The Climate Factor
Forest thinning won’t deter the coming large fires
BY GFORGE WUERTHNER
Whether thinning is an effective strategy to reduce wildfire has been the subject of some debate in Eugene Weekly (Viewpoints 11/08 and 11/29). Increasingly I’m convinced that thinning is ineffective under climatic conditions that are responsible for our largest fires such as the Biscuit Fire that burned across southwest Oregon in 2002.
Indeed, climatic conditions drive all big fires — not fuels. All substantial fires occur only if there is extended drought, low humidity, high temperatures and, most importantly, high winds. Wind, in particular, is critical. Wind increases fire spread exponentially.
When conditions are “ripe” for a large blaze, fires will burn through all kinds of fuel loads. By contrast if the forest is wet like Oregon’s coastal forests, you can have all the fuel in the world, and it won’t burn.
For this reason, most fires go out without burning more than a few acres. By contrast, when you have drought, low humidity, high temperatures and wind, a few blazes will grow into huge fires. For this reason, approximately 1 percent of all fires are responsible for about 95 to 99 percent of the acreage burned.
Even if thinning works to slow or reduce tree mortality under low and moderate fire conditions, what is becoming increasingly clear is that thinning doesn’t stop the very largest blazes that occur under severe fire conditions. If you subtract out the acreage burned by these few large blazes, the total land area affected by all other wildfire that can be influenced by thinning is relatively small.
However, when severe fire conditions exist, nothing can stop a blaze. Under severe conditions, fires burn through all kinds of fuel loads including thinned/logged forests and even natural lightly stocked tree stands. For instance, under the severe conditions that dominated the Biscuit Fire, many of the low-density, widely spaced Jeffrey pine growing on serpentine burned up even though their natural stand density is much lower than what you are left with under even aggressive thinning.
There is growing evidence that thinning can actually acerbate fire spread and mortality — at least under severe fire conditions.
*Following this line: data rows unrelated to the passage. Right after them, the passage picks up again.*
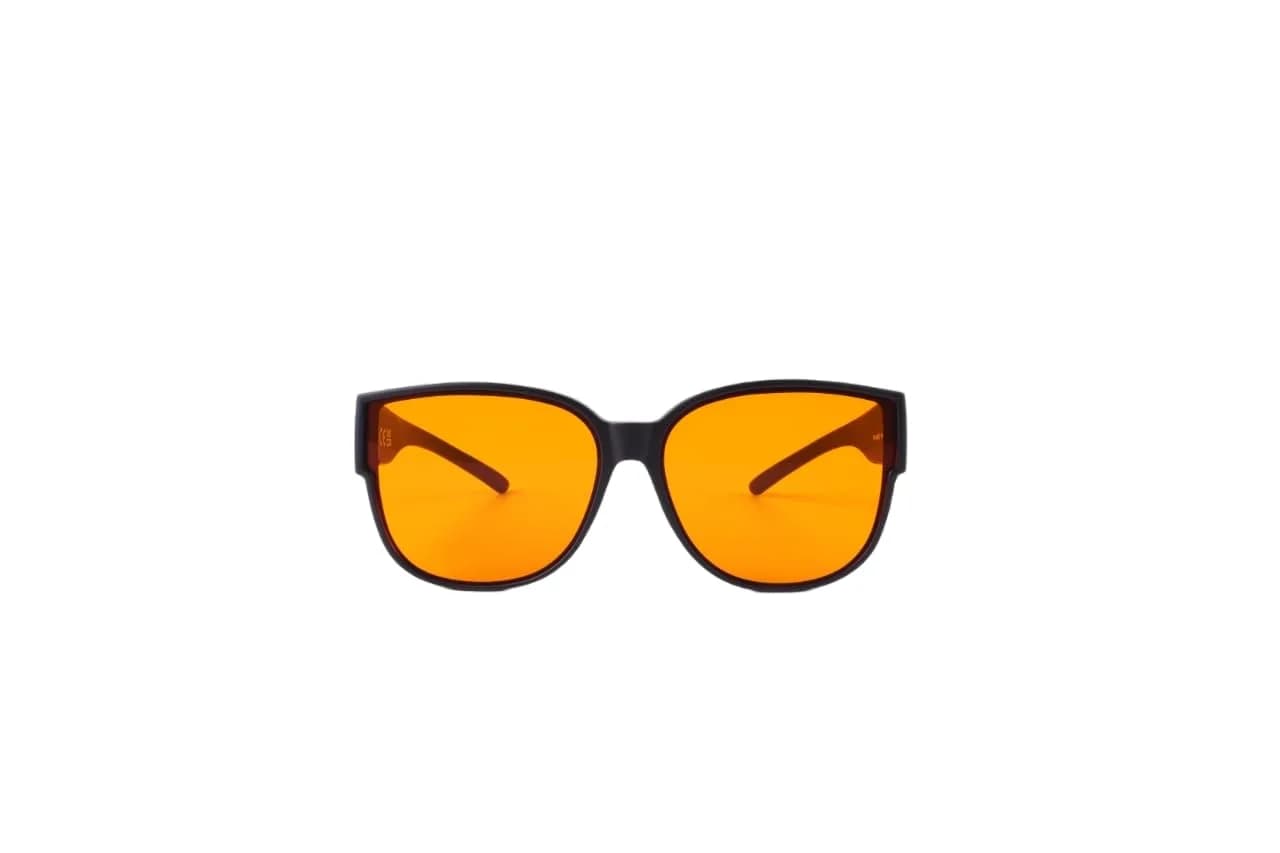 BRADDELL OPTICS Orange Blue Light Blocking Clip-On Glasses | Filters 99% Blue Light - main product image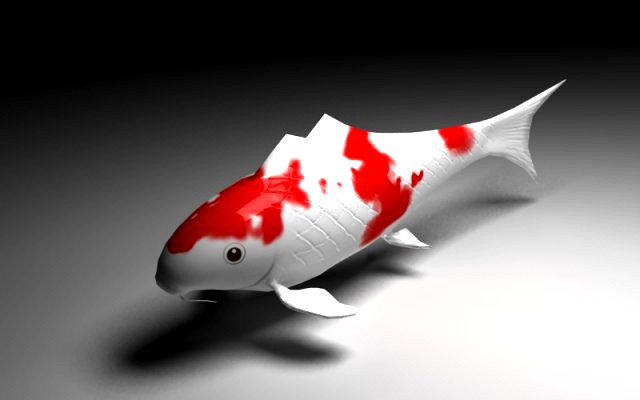 Koi 3D Model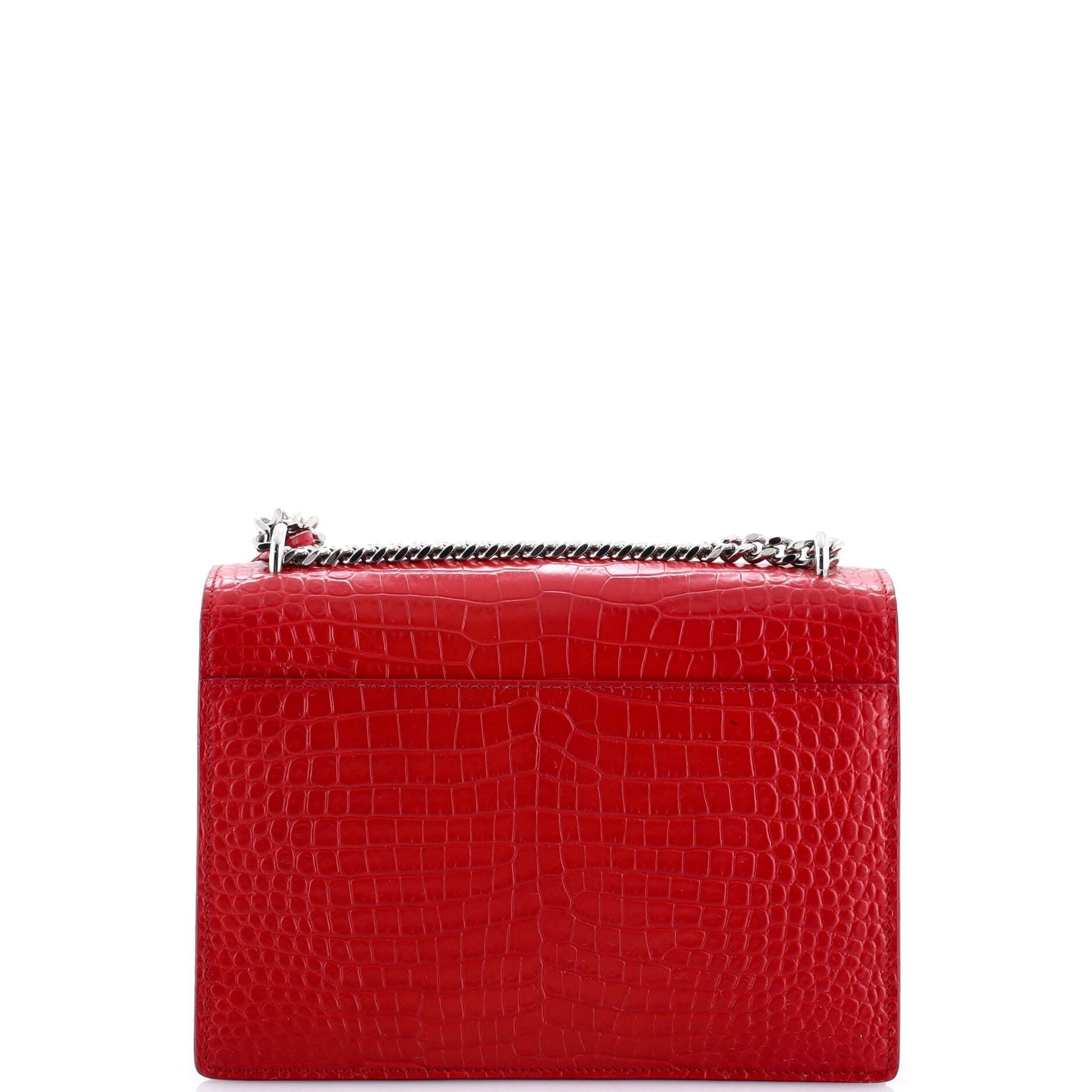 Sunset Crossbody Bag Crocodile Embossed Leather Medium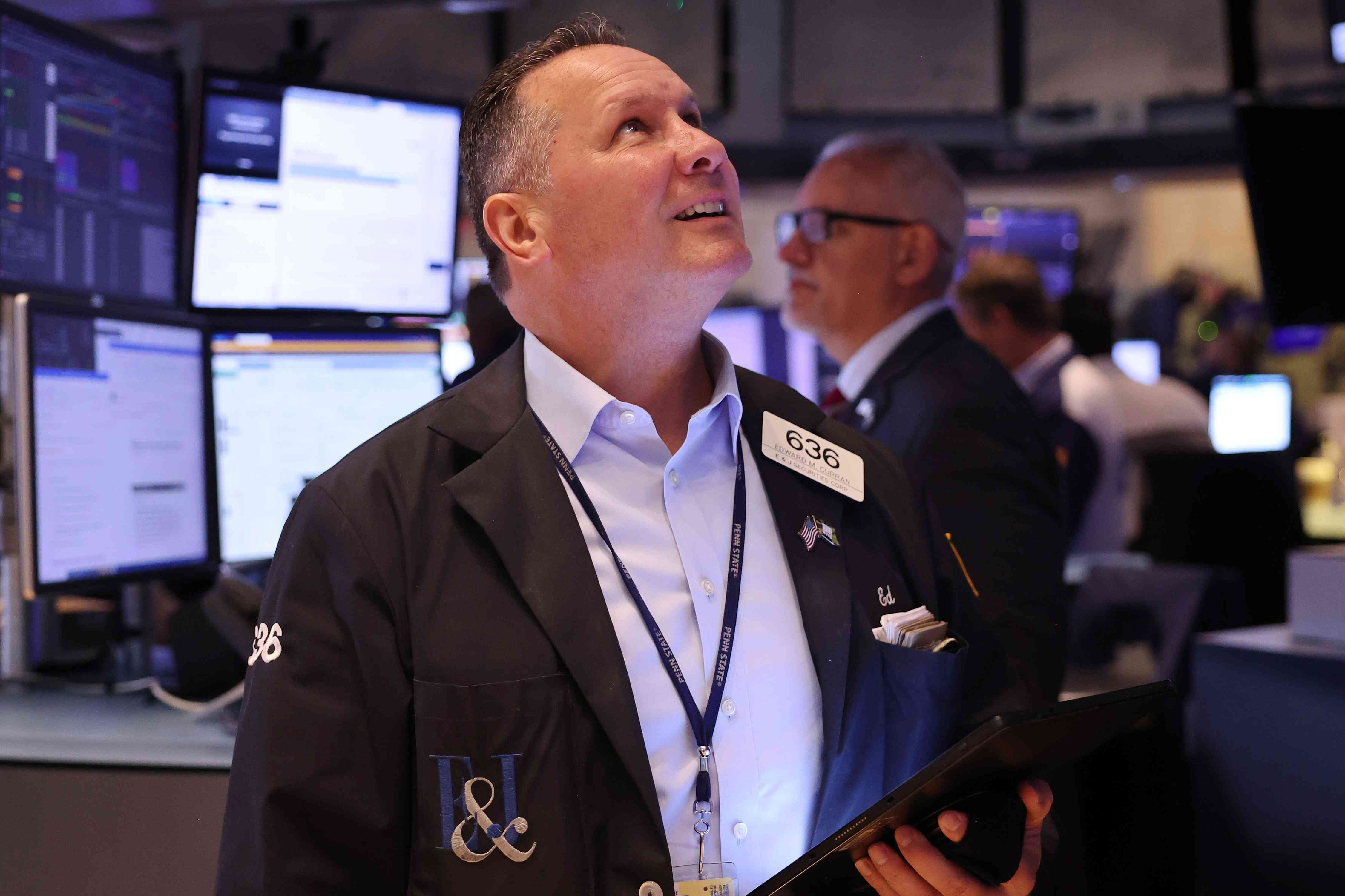 Traders at the New York Stock Exchange.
Thinning increases solar radiation, leading to greater drying of fuels, and also contributes to greater moisture stress in trees. Thinning also allows wind to penetrate a forest stand with greater velocity, which in turn increases fire spread.
We may be trying to fix something that “ain’t broken.” Keep in mind that large stand-replacement fires have always occurred under the right conditions, long before we could have altered conditions by logging and fire suppression. The gigantic 1910 Burn raced across 3.5 million acres of Idaho and Montana and charred many acres of low elevation pine and dry Douglas fir forests. And while nearly nine million acres burned nationwide last year, this is dwarfed by the “Dust Bowl Years” of the 1930s when an average of 39 million acres burned annually. So the idea that we have some kind of crisis in our forests may be nothing more than a consequence of short-term memory loss and failure to comprehend how much climatic conditions affects flammability.
There is, however, no doubt that more acres are burning today than in the recent past. I’m inclined to think this is a consequence of global climate change rather than fuel build up. Global warming is lengthening the drying season — by several months — increasing summer temperatures which favors fire spread and may also be increasing average wind speed — another factor critical to large blazes. Therefore, even if thinning/logging were effective in the past — which as I suggest is questionable at least under severe fire conditions responsible for the majority of acres burned — they might not be now.
Given global warming, we are going to experience larger fires and more insect outbreaks as forests seek to balance themselves to changing climate. This is a sign of forest health, not of unhealthy forests as many assert. The fundamental ecological processes that control forest ecosystem are working.
This doesn’t mean we have to let fires burn up people’s homes. Reducing the flammability of the home — not thinning the forest — is the most sensible response. Installing metal roofs and removing flammable materials from the immediate area surrounding homes has been shown over and over again to be critical to home survivability in large blazes.
We are going to see more large fires in the future, and ultimately this will reset the forest fire regime to the new climatic conditions. Trying to restore some physical historic condition that may or may not have existed in the past makes no sense, especially when there are many negatives associated with logging. Rather we should rejoice that ecological processes like wildfire that shape our forests appear to be working — and working well.
George Wuerthner is an ecologist and editor of Wildfire: A Century of Failed Forest Policy.